[COLLECTED DATA]
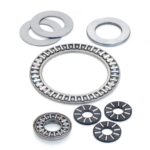 Needle roller thrust bearings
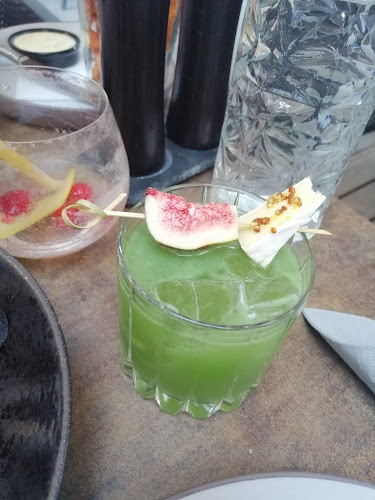 Ma Belle Bistro & Bar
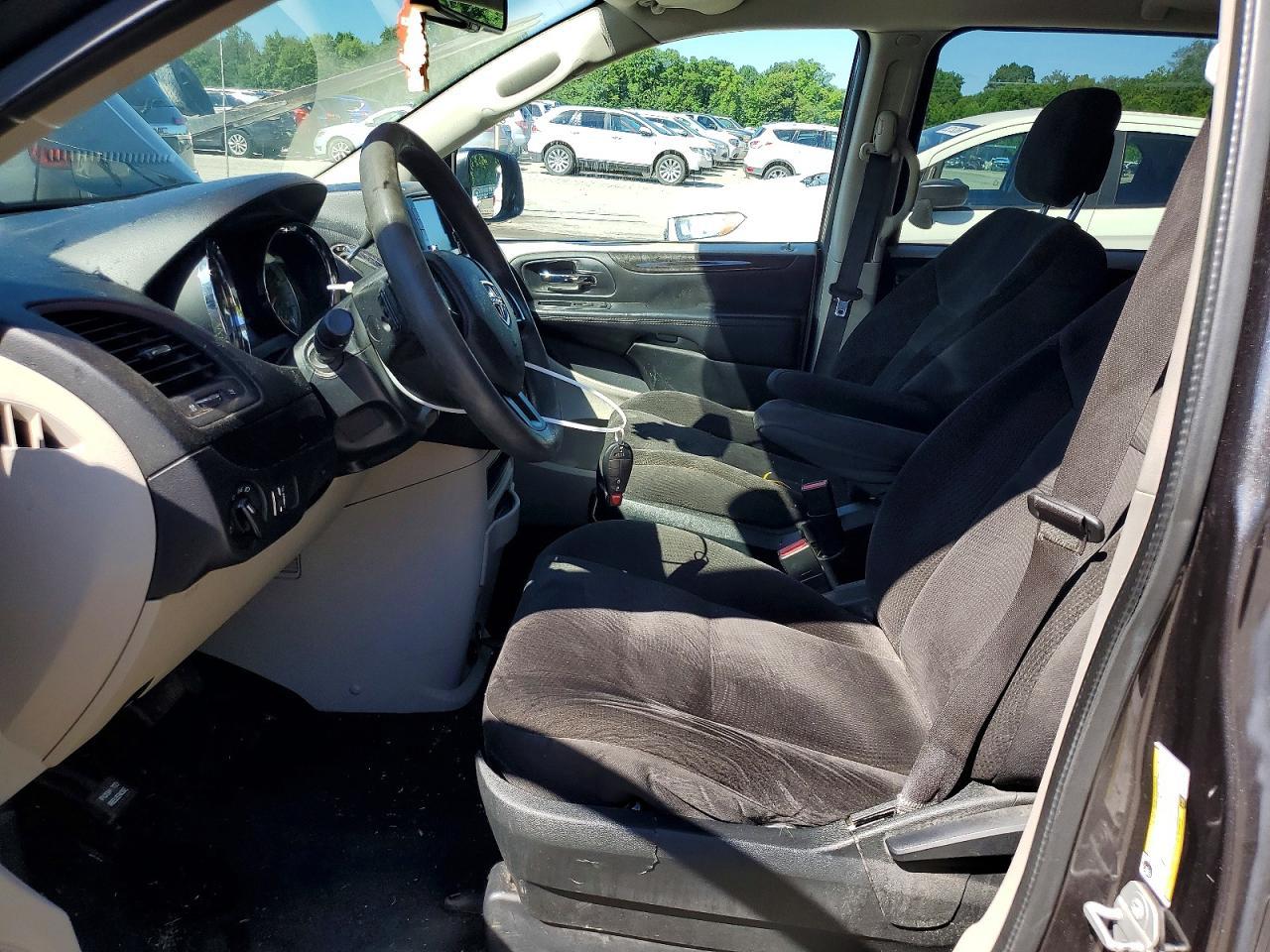 2018 Dodge Grand Caravan Se - zdjęcie 7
[/COLLECTED DATA]
→ **TASK OBJECTIVE**
From the data above, write out everything exactly except the pictures.

→ **RESULT BELOW**
 Needle roller thrust bearings
 Ma Belle Bistro & Bar
 2018 Dodge Grand Caravan Se - zdjęcie 7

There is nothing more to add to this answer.